TASK OBJECTIVE
Using the records below, count the lines with "Toyota" in them. Give the number only.

EXTRACTED INFORMATION Block Start

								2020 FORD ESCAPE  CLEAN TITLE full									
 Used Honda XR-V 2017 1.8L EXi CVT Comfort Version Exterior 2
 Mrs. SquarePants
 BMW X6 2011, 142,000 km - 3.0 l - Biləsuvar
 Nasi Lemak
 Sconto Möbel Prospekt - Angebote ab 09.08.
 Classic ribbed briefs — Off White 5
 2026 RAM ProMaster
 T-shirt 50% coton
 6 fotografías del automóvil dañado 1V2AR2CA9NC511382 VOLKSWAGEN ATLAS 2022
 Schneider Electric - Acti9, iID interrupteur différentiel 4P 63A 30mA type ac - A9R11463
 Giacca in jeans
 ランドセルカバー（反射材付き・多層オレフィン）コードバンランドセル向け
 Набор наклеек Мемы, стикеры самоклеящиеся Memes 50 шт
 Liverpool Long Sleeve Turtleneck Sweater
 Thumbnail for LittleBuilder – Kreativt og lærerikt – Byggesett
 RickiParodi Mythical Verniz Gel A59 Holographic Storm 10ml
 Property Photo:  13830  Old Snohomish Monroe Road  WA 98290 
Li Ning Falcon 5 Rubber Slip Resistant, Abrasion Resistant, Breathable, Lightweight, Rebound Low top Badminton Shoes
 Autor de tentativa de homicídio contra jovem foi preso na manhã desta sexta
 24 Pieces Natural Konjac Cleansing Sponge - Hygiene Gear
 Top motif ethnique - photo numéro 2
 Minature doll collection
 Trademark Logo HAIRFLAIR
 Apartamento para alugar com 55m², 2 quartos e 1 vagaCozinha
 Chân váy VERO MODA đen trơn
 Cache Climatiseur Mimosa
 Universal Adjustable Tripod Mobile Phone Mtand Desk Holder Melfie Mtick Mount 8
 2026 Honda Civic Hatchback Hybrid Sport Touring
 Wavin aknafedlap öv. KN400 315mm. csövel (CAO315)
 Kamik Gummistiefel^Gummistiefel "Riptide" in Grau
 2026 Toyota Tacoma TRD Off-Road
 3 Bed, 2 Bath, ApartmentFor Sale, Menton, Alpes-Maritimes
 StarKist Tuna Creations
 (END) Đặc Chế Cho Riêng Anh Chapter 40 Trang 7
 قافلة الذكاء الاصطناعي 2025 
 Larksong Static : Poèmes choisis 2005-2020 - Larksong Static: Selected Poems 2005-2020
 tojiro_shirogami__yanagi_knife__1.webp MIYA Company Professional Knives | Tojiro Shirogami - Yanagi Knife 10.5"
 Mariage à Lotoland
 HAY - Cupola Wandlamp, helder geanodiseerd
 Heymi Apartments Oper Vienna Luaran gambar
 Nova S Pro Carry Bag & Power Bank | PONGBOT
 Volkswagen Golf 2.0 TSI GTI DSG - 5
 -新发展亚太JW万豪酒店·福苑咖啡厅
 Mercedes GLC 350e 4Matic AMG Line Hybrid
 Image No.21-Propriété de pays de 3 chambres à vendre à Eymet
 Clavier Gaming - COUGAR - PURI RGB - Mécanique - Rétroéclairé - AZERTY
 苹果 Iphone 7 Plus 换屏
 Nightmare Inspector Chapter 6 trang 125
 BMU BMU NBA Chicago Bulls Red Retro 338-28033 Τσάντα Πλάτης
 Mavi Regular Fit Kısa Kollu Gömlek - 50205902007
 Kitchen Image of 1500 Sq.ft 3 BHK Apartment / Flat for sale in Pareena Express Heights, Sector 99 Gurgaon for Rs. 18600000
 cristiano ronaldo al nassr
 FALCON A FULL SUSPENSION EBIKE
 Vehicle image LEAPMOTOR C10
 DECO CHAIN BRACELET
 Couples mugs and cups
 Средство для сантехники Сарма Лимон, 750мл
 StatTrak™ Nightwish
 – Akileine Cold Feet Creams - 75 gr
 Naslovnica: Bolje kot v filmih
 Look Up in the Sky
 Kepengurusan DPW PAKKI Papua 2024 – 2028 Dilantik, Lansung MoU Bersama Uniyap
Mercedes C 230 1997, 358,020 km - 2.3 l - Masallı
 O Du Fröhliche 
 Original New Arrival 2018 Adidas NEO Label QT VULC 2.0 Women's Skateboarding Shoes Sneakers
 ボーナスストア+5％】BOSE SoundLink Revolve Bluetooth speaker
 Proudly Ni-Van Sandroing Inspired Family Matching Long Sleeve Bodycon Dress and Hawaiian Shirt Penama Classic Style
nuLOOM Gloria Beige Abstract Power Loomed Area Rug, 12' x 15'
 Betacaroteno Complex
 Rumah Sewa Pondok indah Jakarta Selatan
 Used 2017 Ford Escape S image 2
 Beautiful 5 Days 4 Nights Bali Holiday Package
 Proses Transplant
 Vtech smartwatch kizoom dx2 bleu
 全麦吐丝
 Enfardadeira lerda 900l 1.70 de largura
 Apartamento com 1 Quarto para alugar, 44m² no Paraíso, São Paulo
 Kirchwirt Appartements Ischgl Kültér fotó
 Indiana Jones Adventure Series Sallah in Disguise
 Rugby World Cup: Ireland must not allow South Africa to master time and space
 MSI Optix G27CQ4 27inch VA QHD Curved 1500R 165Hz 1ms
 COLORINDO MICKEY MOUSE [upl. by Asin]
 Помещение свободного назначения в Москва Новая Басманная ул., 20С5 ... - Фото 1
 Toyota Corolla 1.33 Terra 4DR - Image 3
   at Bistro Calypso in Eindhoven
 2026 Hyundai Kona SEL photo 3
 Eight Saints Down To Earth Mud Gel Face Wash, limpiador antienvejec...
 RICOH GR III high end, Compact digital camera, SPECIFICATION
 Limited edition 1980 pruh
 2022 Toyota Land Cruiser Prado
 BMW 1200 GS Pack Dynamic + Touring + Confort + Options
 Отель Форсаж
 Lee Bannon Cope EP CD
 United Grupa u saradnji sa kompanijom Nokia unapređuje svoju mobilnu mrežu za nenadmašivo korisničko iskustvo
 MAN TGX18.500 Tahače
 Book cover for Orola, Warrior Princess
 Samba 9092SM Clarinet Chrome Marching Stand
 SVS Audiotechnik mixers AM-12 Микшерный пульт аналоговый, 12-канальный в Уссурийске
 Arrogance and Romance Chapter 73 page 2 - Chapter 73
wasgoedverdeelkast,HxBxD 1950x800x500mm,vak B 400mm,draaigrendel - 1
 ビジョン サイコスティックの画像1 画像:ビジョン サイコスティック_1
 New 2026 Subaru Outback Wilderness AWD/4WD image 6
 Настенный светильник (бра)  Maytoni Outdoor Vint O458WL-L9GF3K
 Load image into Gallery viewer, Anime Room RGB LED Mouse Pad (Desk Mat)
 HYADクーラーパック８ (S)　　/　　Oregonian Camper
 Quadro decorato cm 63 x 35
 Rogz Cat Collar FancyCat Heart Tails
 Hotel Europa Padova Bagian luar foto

EXTRACTED INFORMATION Block End

ANSWER FOR THIS EXERCISE
3